AVAILABLE DATA:

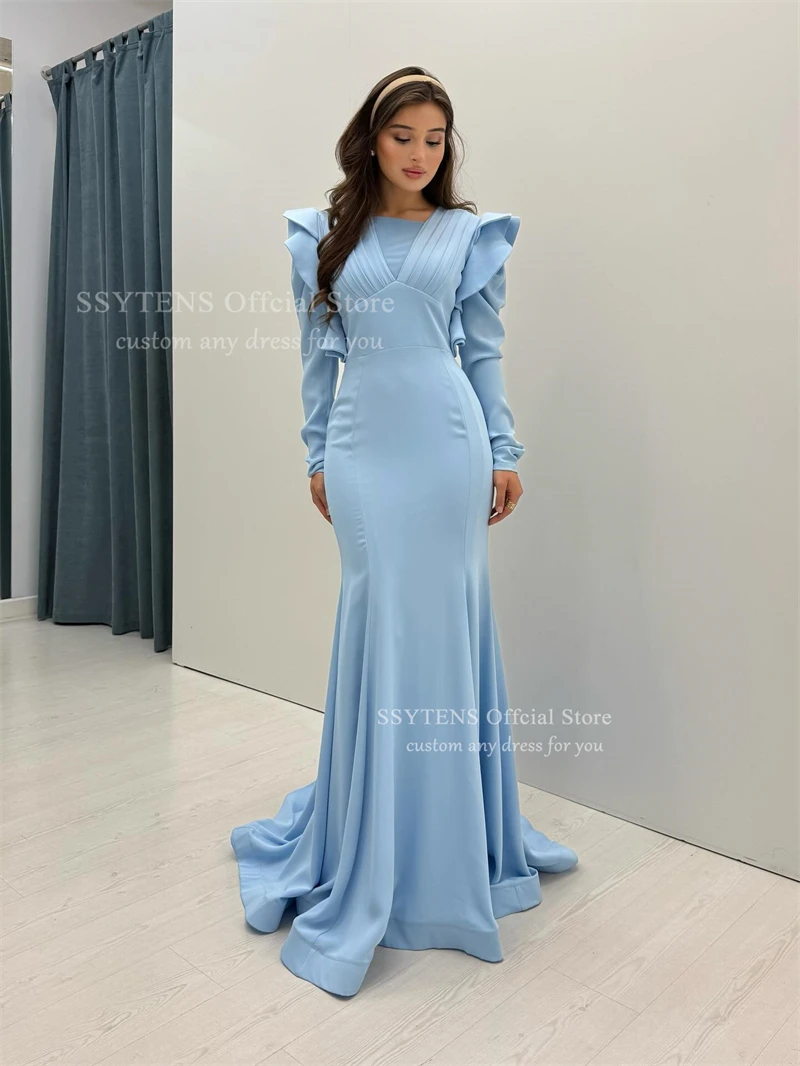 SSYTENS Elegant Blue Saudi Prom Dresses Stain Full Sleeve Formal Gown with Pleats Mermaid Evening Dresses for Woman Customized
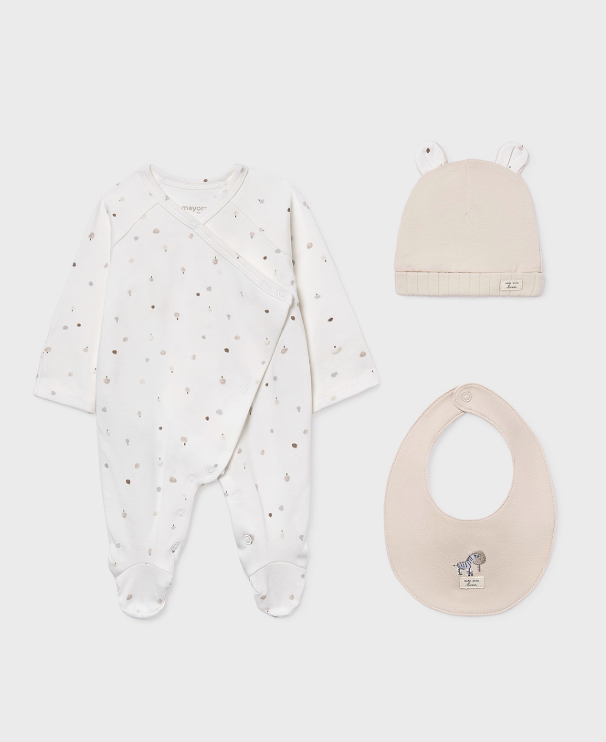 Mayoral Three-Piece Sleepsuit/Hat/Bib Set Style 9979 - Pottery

* * *

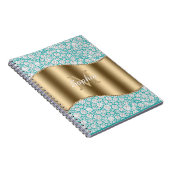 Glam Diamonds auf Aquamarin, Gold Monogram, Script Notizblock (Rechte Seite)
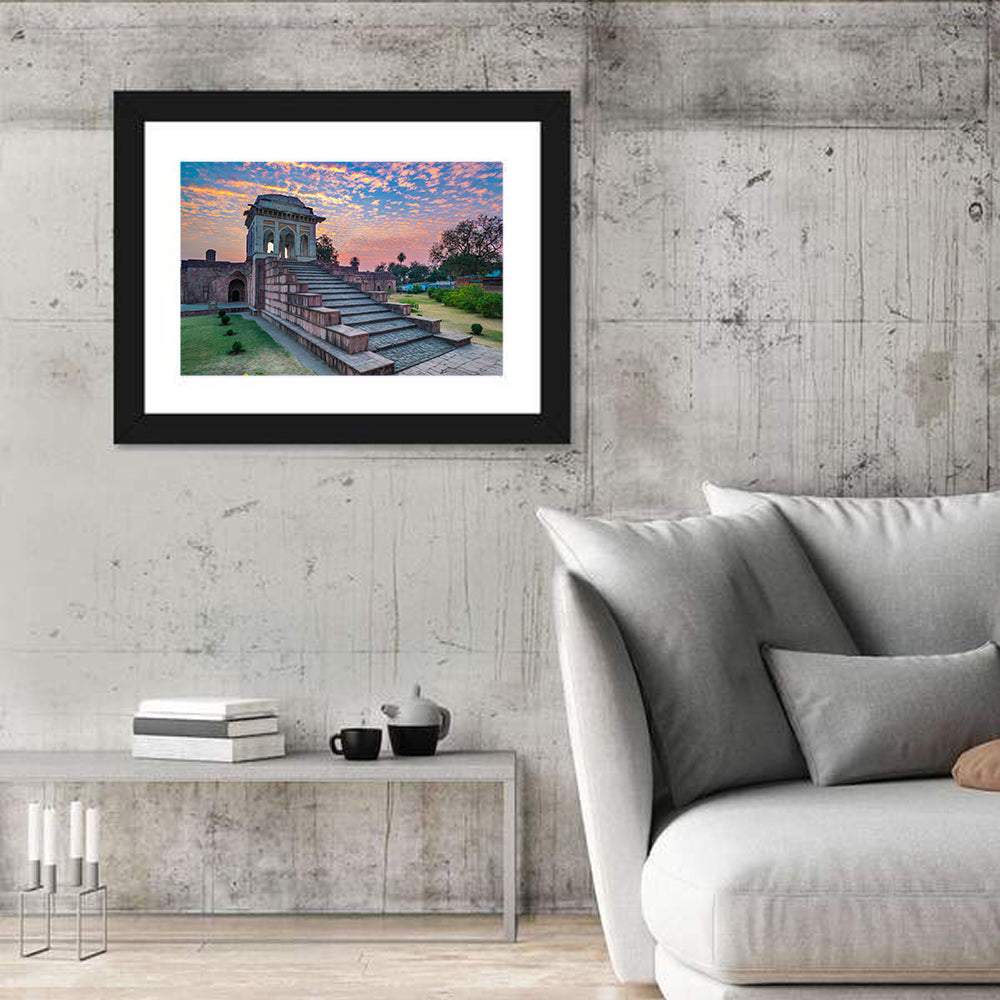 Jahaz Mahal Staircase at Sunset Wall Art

* * *

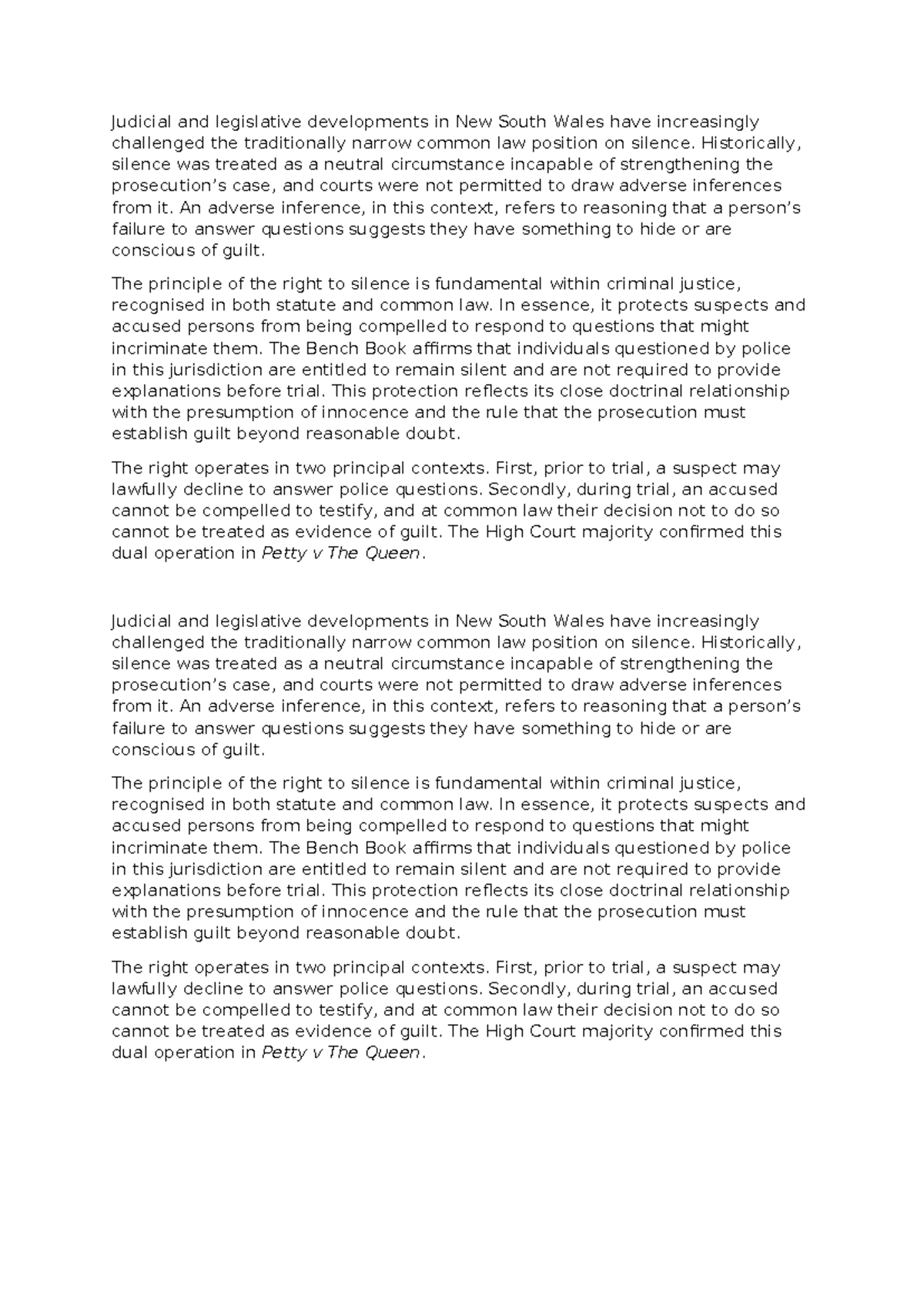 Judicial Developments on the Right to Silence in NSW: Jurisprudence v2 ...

PROBLEM DETAILS:
Beginning with the line that contains "SSYTENS Elegant Blue" and ending with the line that contains "Mayoral Three-Piece Sleepsuit/Hat/Bib", reproduce the listing exactly, pictures excluded.

THE COMPLETED TASK:
 SSYTENS Elegant Blue Saudi Prom Dresses Stain Full Sleeve Formal Gown with Pleats Mermaid Evening Dresses for Woman Customized
 Mayoral Three-Piece Sleepsuit/Hat/Bib Set Style 9979 - Pottery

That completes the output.